The study found that the corrosion resistance of the cladding layer can be significantly improved by adding and controlling the external field conditions. Zhai Lulu used pure iron as the matrix and Ni60 self-fluxing alloy powder as the cladding material. He used three auxiliary forms, single alternating current, single steady-state magnetic field and electro-magnetic composite field, to investigate in detail the changes in the surface morphology, cross-sectional size, solidification structure, number of cracks and microhardness of the laser cladding coating under electromagnetic field conditions. Through the experiment, it was finally possible to obtain high-quality laser cladding coatings with smaller electro-magnetic composite parameters, which improved the corrosion resistance of the coating. This scheme provides technical guidance for strengthening engineering equipment using laser cladding technology [2]. In summary, laser cladding technology provides a certain feasibility for improving the corrosion resistance of engineering equipment.

3 Conclusion

Since Gnanamuthu obtained a patent for laser cladding a layer of metal on the surface of a metal substrate in 1974, this technology has been studied for nearly half a century. At present, a large amount of experience and experimental data has been accumulated.
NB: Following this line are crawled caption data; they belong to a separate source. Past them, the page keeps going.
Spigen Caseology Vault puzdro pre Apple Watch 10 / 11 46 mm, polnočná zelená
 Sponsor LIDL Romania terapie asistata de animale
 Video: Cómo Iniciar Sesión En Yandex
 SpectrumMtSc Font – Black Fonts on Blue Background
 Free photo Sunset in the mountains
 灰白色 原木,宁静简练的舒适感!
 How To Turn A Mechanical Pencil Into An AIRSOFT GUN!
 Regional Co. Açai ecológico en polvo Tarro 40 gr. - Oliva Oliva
However, its research and application in the repair and strengthening of engineering equipment is still relatively rare. In order to promote laser cladding in the field of engineering equipment maintenance and remanufacturing, research can be carried out in the following directions in the future:

1) Absorb the results accumulated in the research of laser cladding technology in high-end industries and apply them to engineering equipment, so as to improve the current situation of low level and slow development of engineering equipment maintenance and remanufacturing.

2) The application of laser cladding technology in bridge cranes is still rare. After analyzing the cracking of the steel plate of the bridge crane boom during use, Wuhan Iron and Steel Research Institute found that the equipment was far from reaching its service life. The failure of the steel plate was fatigue fracture of the slag inclusion part of the weld and extended along the weld path. At the same time, there was a brittle martensitic structure in the weld [23]. The use of laser cladding technology to treat the steel plate of the bridge crane boom can not only effectively improve its mechanical properties, but also enhance its corrosion and oxidation resistance, providing new ideas and methods for the maintenance and remanufacturing technology of bridge equipment.

3) The stability of the metallurgical bonding strength between the cladding layer and the substrate needs to be improved. Due to the extremely fast heating and cooling speed of the cladding layer, there are differences in the thermal expansion coefficient, melting point and wettability of the cladding material and the substrate, which makes it easy to crack at the metallurgical bonding, so the metallurgical bonding effect needs to be improved.

4) Optimize and upgrade the process parameters of laser cladding. In laser cladding, how to quickly and efficiently find the optimal solution for a set of process parameter combinations has always been a key topic for scientific researchers. At the same time, suitable process parameters are of great significance for the preparation of high-quality coatings.